Risiko iklim seperti banjir, kekeringan, dan tanah longsor dipicu oleh pola curah hujan dan cuaca ekstrem
Jakarta (ANTARA) - Pimpinan Badan Meteorologi, Klimatologi, dan Geofisika (BMKG) menilai sistem informasi hidrometeorologi Indonesia layak menjadi percontohan untuk diadopsi negara peserta World Water Forum (WWF) 2024.
“Sistem informasi hidrometeorologi -SIH3- yang dikembangkan sejak tahun 2012 oleh BMKG dengan Kementerian PU dan Kementerian ESDM itu membantu memaksimalkan ketersampaian peringatan dini bencana kepada publik,” kata Kepala Pusat Layanan Iklim Terapan BMKG Marjuki di Jakarta, Rabu.
Menurut dia, sistem tersebut merupakan salah satu faktor penentu keberhasilan kebijakan pengurangan dan pengelolaan risiko bencana karena dihasilkan dari kemudaan akses terhadap data dan informasi.
Sebagai contoh, pada periode 11-20 April lalu pemerintah melalui BMKG mampu mendeteksi awal musim dan deret hari tanpa hujan (HTH) di seluruh wilayah Indonesia, dan menjadi acuan untuk pencegahan kekeringan lahan pertanian, kelangkaan air, dan kebakaran hutan/lahan.
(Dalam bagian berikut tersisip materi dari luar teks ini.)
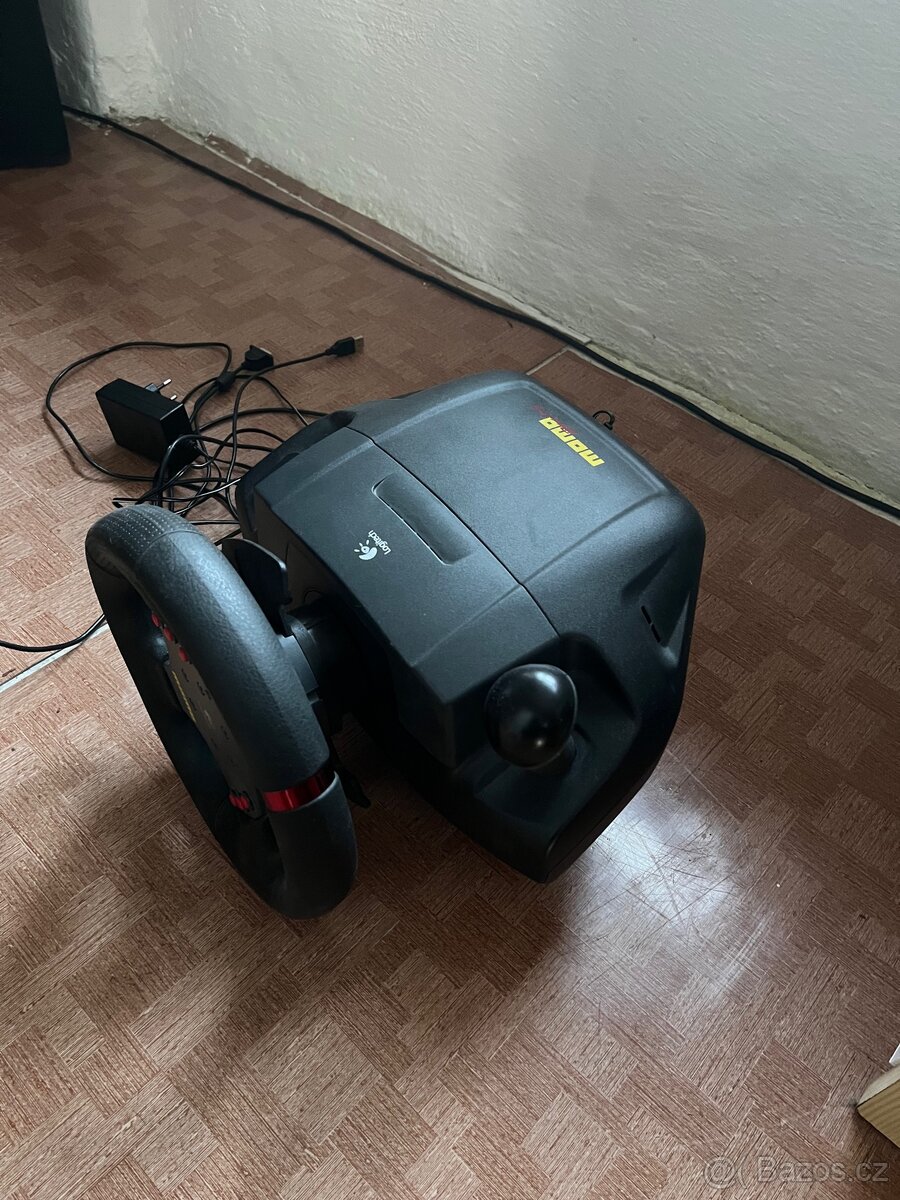 Volant k PC Logitech Momo - 3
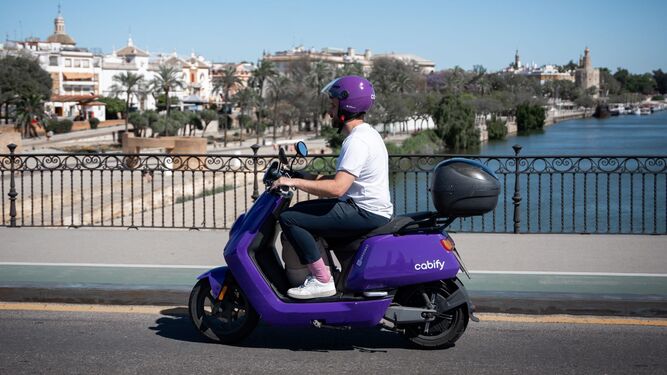 Cabify lanza en Sevilla más de 200 motos eléctricas de alquiler por minutos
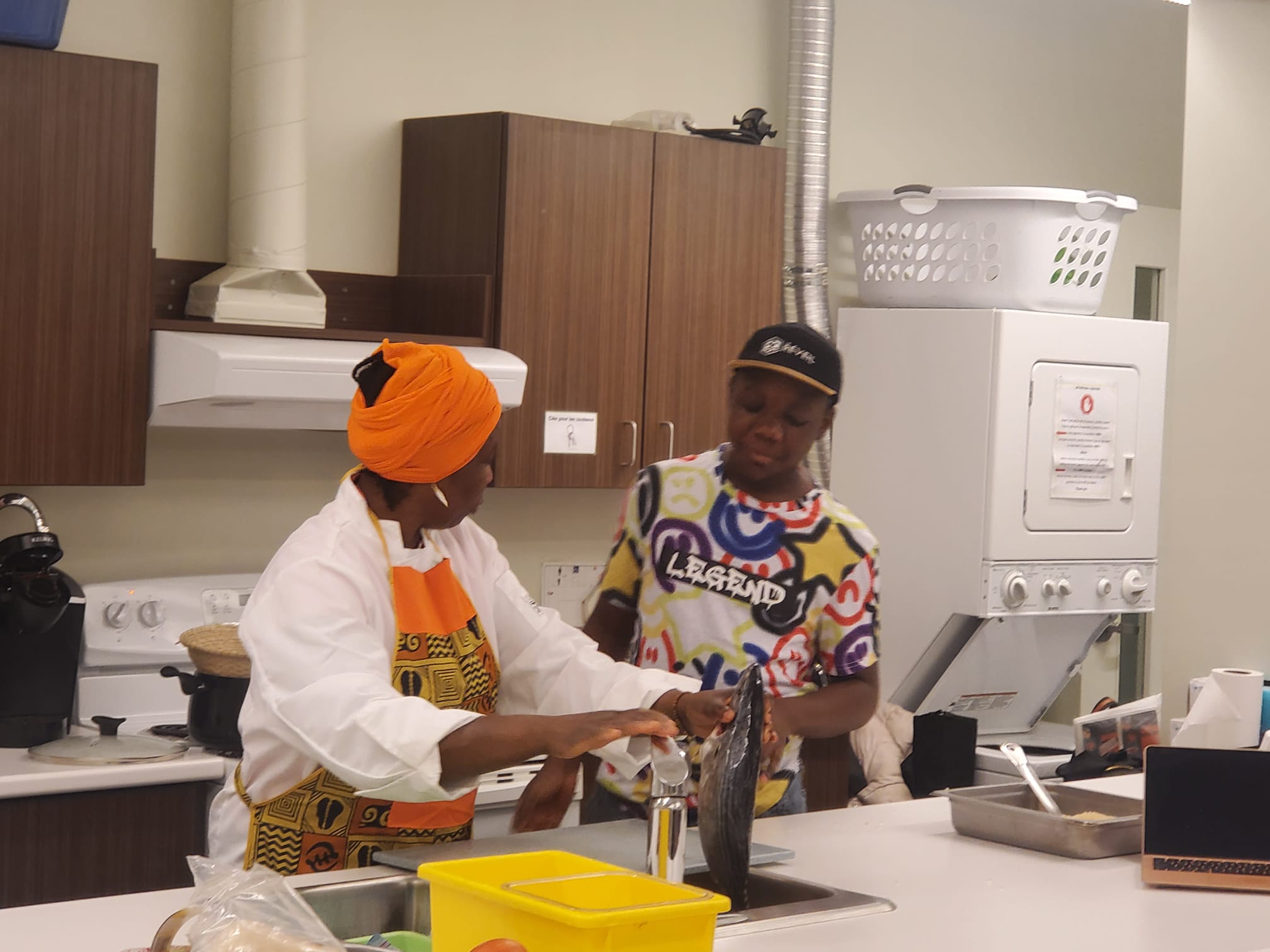 Un Apprenant avec notre Cheffe José Marie Topka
Hal ini terjadi karena SIH3 mengintegrasikan data dan analisis terkait air, cuaca, dan geologi (air tanah) untuk memahami dan mengelola sumber daya air serta risiko yang tak hanya terkait kekeringan, tapi juga banjir, dan bencana alam lainnya.
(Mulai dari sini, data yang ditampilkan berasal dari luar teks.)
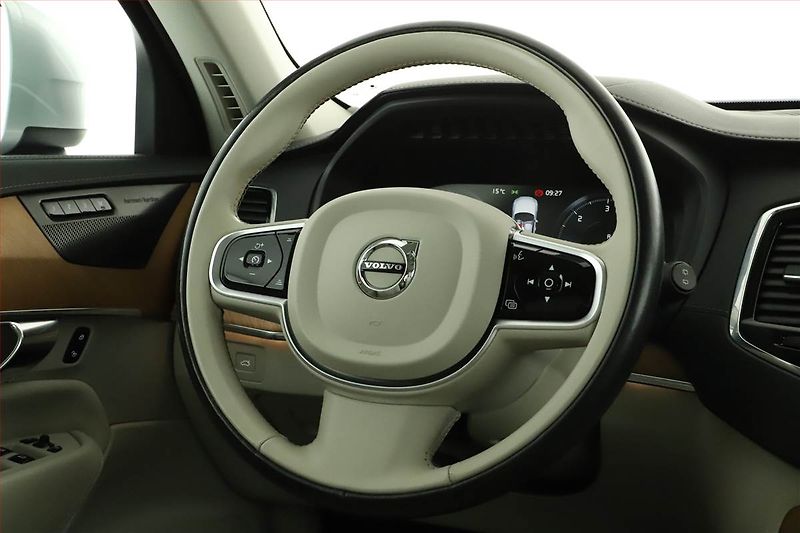 Volvo XC90 (2019) D5 AWD, DPH, Harman/Cardon - fotka 14 z 18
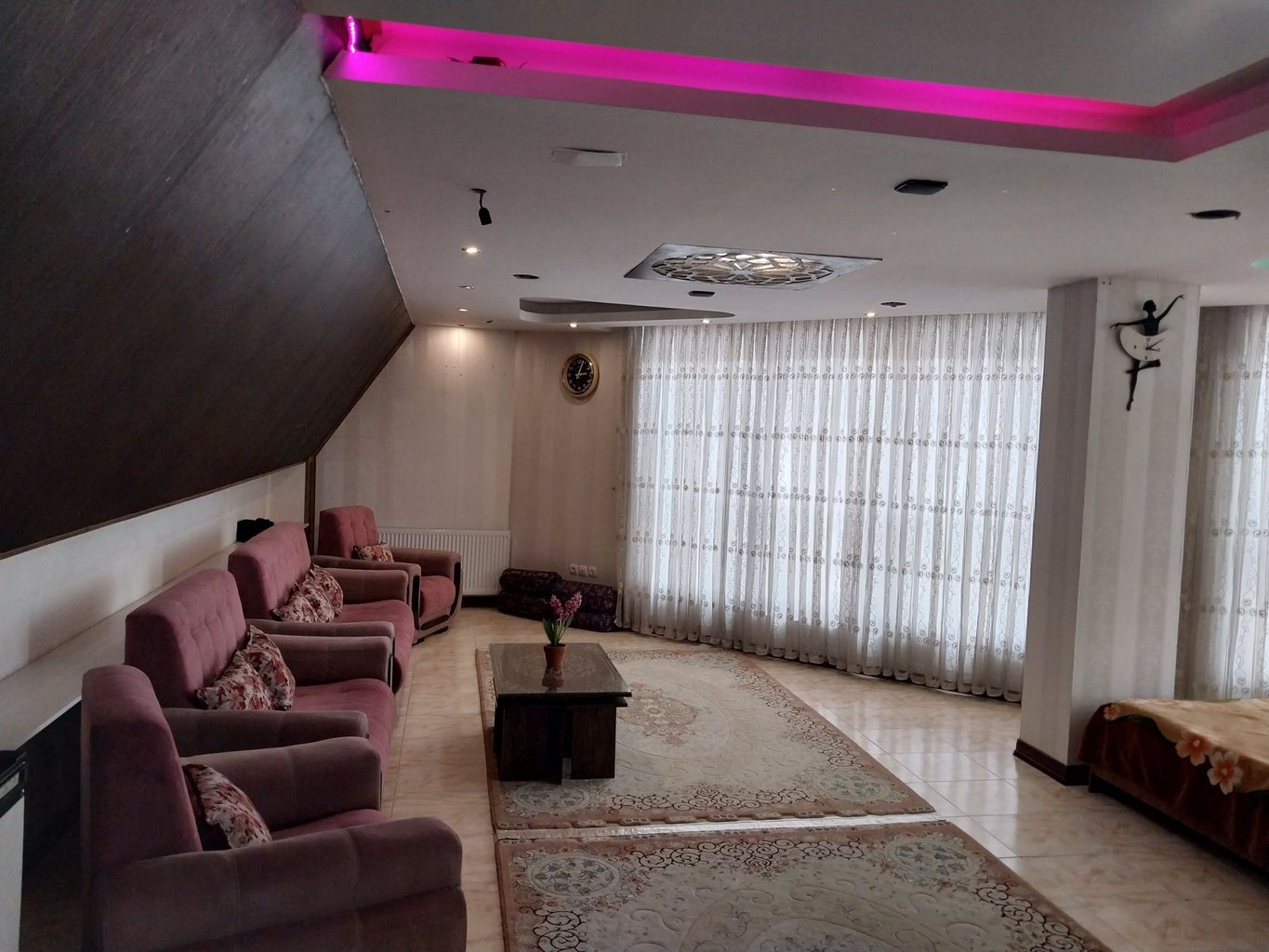 فلت اسفندیار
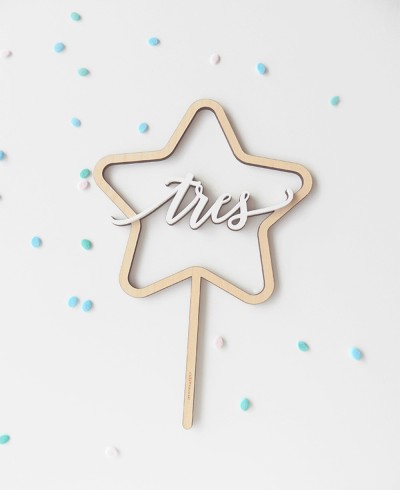 Topper do bolo da vista superior para o aniversário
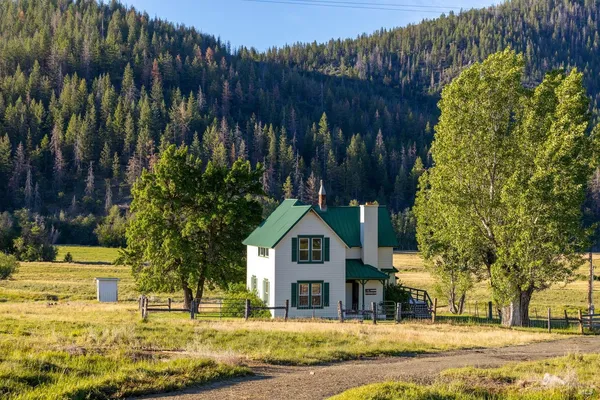 $16,900,000 | 6728 Gazelle Callahan Road, Callahan, CA 96014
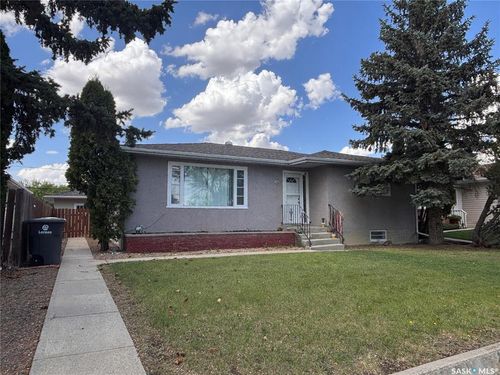 216 4th Avenue W, Kindersley, SK, S0L1S0 | Card Image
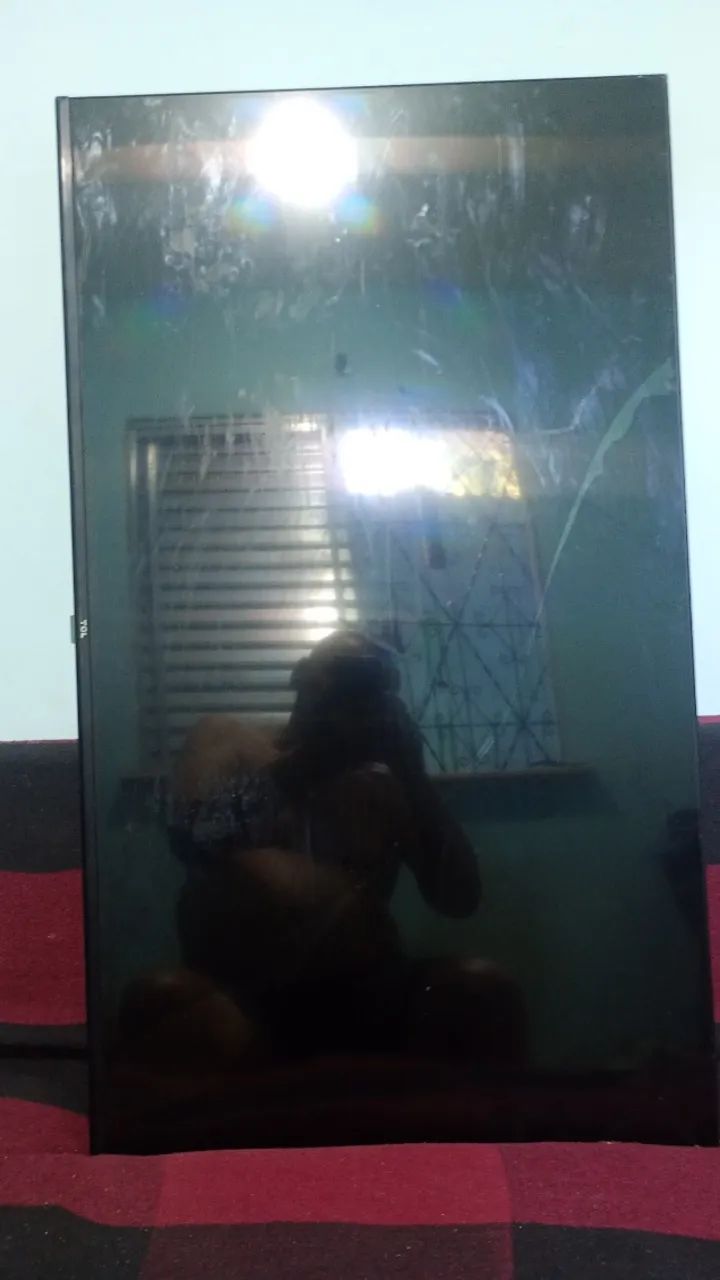 Vendo tv com defeito 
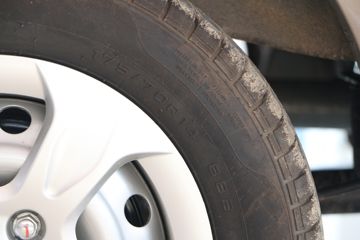 �� С��ʨ 102���� 2�� 1.5L��ջ���(CNG��)ͼƬ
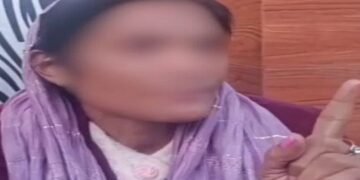 Girlfriend sits on dharna at BJP leader's house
“Risiko iklim seperti banjir, kekeringan, dan tanah longsor dipicu oleh pola curah hujan dan cuaca ekstrem. Risiko ini menimbulkan tantangan yang signifikan bagi masyarakat yang telah diprakirakan per 10 harian bahkan tiga jam sebelumnya,” katanya.
Karena itu, BMKG menilai pengembangan dan penyediaan layanan informasi hidro-iklim sangat penting untuk mengurangi risiko dan mendukung perencanaan serta pengelolaan adaptif.
Baca juga: Jelang WWF, KLHK paparkan awasi kualitas air di 15 ribu titik pantau
Baca juga: Indonesia optimistis WWF Ke-10 lahirkan konsensus politik atasi krisis
Pemanfaatan teknologi demikian pun sejalan dengan misi WWF ke-10, pada 18-25 Mei 2024 di Bali, yang menyangkut mitigasi perubahan iklim dan menghapus kesenjangan antara tantangan dan kapasitas masing-masing negara dalam hal pengelolaan sumber daya air, iklim, pangan, energi, dan kesehatan.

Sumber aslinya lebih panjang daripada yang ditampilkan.